I was going to title this ‘Not your mom’s bologna sandwich’ and then I thought if my niece Rose ever reads it, it might no longer be strictly speaking true … since her mom is the one that got us all started on this bologna in the first place.

To begin, the bologna itself: Applegate Farms Turkey Bologna


I’d link you to its product page but oddly, Applegate doesn’t seem to give it one. A quick survey of the internet reveals it can only be obtained at Whole Foods and Trader Joe’s – although it seems at one point Wal-Mart carried it. No matter.

Despite the fact that my niece paused during her lunch one day to lovingly place this bologna on her sweet, chubby cheek and say ‘good boy, bologna’ (before she finished ‘him’ off), I was unconvinced. We’ve all had some pretty mediocre bologna experiences, you know?

Anyway, I stand corrected – if ever a bologna deserved to be saluted as ‘good boy’ this is it.
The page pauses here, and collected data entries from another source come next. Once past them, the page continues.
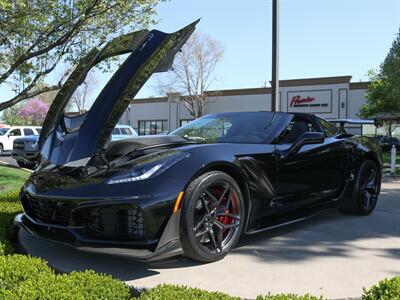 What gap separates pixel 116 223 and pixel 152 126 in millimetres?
42081

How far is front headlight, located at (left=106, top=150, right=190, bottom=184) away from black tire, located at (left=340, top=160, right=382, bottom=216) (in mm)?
2685

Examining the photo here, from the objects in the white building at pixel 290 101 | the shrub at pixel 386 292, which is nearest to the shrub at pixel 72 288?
the shrub at pixel 386 292

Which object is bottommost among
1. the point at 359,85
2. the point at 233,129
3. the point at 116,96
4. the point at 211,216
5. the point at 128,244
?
the point at 128,244

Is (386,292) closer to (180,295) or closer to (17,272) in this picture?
(180,295)

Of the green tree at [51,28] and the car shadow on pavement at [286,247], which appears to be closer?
the car shadow on pavement at [286,247]

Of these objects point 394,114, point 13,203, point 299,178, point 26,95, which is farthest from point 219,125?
point 394,114

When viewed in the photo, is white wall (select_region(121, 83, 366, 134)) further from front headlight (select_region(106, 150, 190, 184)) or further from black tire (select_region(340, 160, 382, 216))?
front headlight (select_region(106, 150, 190, 184))

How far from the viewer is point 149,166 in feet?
11.1

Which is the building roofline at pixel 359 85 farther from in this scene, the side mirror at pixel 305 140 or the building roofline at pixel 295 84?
the side mirror at pixel 305 140

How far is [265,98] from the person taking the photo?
37625mm

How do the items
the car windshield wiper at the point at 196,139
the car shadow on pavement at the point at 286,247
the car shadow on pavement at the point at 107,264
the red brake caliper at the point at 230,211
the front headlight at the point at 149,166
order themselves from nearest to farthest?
1. the front headlight at the point at 149,166
2. the car shadow on pavement at the point at 107,264
3. the car shadow on pavement at the point at 286,247
4. the red brake caliper at the point at 230,211
5. the car windshield wiper at the point at 196,139

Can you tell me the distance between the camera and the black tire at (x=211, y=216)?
335 centimetres

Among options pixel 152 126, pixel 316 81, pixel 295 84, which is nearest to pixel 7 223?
pixel 316 81

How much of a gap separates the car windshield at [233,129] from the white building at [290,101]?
27526 millimetres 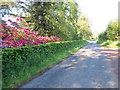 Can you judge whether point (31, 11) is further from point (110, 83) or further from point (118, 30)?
point (118, 30)

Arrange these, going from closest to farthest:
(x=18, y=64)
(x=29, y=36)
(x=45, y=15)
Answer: (x=18, y=64) < (x=29, y=36) < (x=45, y=15)

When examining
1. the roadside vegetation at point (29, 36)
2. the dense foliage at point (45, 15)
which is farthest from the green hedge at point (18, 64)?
the dense foliage at point (45, 15)

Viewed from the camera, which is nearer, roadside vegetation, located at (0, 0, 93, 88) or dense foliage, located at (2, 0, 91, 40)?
roadside vegetation, located at (0, 0, 93, 88)

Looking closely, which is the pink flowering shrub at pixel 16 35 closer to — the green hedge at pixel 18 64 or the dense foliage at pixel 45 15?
the green hedge at pixel 18 64

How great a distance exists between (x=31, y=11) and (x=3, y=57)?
15319mm

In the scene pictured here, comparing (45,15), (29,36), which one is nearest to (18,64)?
(29,36)

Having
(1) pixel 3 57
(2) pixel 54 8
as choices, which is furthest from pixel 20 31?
(2) pixel 54 8

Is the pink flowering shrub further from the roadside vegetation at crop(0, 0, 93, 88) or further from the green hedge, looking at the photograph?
the green hedge

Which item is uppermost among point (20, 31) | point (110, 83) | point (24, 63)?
point (20, 31)

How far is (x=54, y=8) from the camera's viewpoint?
68.7 ft

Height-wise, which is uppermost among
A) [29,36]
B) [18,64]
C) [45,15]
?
[45,15]

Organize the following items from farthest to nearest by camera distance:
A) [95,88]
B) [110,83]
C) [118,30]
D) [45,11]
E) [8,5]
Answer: [118,30] → [45,11] → [8,5] → [110,83] → [95,88]

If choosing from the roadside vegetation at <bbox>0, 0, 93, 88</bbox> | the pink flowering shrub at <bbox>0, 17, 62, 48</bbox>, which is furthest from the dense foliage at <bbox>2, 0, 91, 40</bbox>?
→ the pink flowering shrub at <bbox>0, 17, 62, 48</bbox>

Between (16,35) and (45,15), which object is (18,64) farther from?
(45,15) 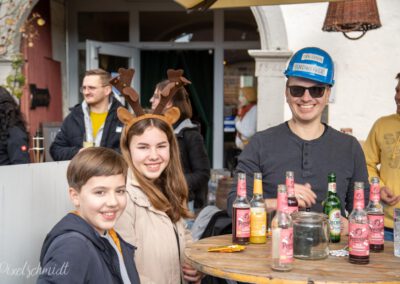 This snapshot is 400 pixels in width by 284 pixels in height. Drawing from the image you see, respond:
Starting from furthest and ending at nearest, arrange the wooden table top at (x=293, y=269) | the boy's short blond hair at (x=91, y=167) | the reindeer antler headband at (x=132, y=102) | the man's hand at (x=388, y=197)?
the man's hand at (x=388, y=197), the reindeer antler headband at (x=132, y=102), the boy's short blond hair at (x=91, y=167), the wooden table top at (x=293, y=269)

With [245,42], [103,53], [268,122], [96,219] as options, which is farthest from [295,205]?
[245,42]

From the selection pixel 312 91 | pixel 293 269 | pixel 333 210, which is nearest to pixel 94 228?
pixel 293 269

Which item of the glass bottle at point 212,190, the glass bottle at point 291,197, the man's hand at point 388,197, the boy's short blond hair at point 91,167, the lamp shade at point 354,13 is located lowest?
the glass bottle at point 212,190

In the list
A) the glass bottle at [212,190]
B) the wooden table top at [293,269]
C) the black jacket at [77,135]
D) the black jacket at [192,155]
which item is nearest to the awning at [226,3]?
the black jacket at [192,155]

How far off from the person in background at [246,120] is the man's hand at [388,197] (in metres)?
3.43

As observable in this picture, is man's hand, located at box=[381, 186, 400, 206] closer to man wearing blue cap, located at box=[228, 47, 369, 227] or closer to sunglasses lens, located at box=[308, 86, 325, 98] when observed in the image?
man wearing blue cap, located at box=[228, 47, 369, 227]

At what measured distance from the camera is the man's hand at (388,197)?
3.63m

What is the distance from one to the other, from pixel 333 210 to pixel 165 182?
0.78 metres

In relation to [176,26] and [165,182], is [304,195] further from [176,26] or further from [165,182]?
[176,26]

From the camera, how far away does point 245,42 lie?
8.75 metres

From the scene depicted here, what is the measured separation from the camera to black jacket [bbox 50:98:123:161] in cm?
474

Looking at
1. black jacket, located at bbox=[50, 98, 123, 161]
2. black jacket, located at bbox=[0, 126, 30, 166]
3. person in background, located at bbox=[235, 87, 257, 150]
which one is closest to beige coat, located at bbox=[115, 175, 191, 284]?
black jacket, located at bbox=[0, 126, 30, 166]

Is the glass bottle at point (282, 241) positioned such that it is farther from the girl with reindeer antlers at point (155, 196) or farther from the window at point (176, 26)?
the window at point (176, 26)

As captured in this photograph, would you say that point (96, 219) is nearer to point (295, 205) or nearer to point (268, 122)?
point (295, 205) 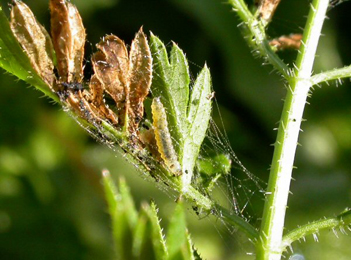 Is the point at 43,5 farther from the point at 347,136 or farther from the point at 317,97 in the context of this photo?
the point at 347,136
On to the sandwich. If you live near Trader Joe’s, this sandwich should be easy to assemble, as it relies heavily on TJ products. If not, you can probably wing it.

Good Boy, Bologna! Sandwich

Applegate Farms Bologna
Sliced Cheese – we like a combo of thin sliced swiss with colby jack
Dill pickles – preferably, the TJ Organic Dill Sandwich Slices. We’ve used bread-and-butter pickles in a pinch, and they were OK, but the bite of the dill really adds something
Salad greens, your choice (for me, it’s spring mix)
Rye bread, lightly toasted

And now a few words about condiments. Most days, we add some Trader Joe’s Garlic Aioli mustard to this sandwich, give it a pat, call it good boy, and have our lunch. But if you want to take it to the next level, also apply a generous amount of deviled egg filling … which I haven’t posted about yet. Sorry.